In a word, yes. There are still lots of positives.

Vaccine rollout worldwide is picking up steam. In the UK, for example, 75% of adults have had their second does, helping drastically slash the number of COVID deaths nationwide. Over half of the US population has been doubled jabbed too. China still has some way to go, but factoring in over a billion people live there, a 24% full vaccination rate is not a bad showing.

1.87bn people, roughly an 8th of the global population, have been fully vaccinated.

Oil rig counts are creeping up too. At its last review, Baker Hughes says nine rigs were added this week. Total US operational oil rigs now stand at 397 – up 172 from this time last year. That said, it will be a strong balancing act to ensure that improved output levels stemming from more rigs does not lead to a price pressure-inducing oil glut.

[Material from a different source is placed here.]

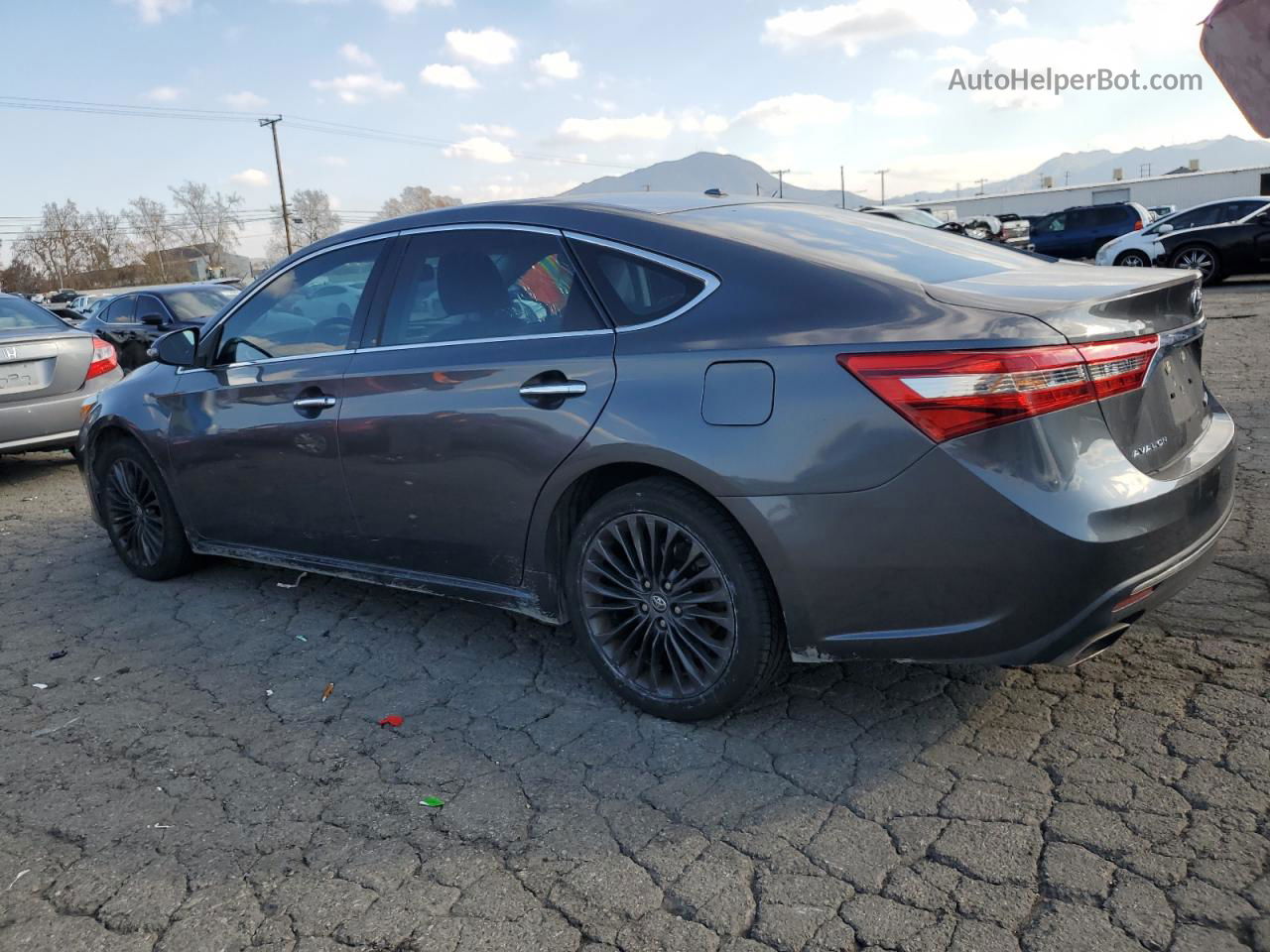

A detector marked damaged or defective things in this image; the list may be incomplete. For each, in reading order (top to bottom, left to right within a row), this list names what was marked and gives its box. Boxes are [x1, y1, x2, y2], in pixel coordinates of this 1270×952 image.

cracked asphalt pavement [0, 279, 1264, 949]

Crucially, oil stocks are draining. OECD stocks were 131m barrels below the five-year average in June. In the report for the week ending August 13th, the EIA US crude inventories showed a 3.2m barrel drawdown. US stockpiles are now 6% lower than the five-year average too.

It’s very possible that 2022 will likely result in an oil deficit. But for producers like those OPEC states and its allies, this will be a good thing, just on a simple supply and demand basis. What we’re seeing now is possibly just a short term down cycle.

Confidence will return, but it does depend on the Delta variants’ course right now.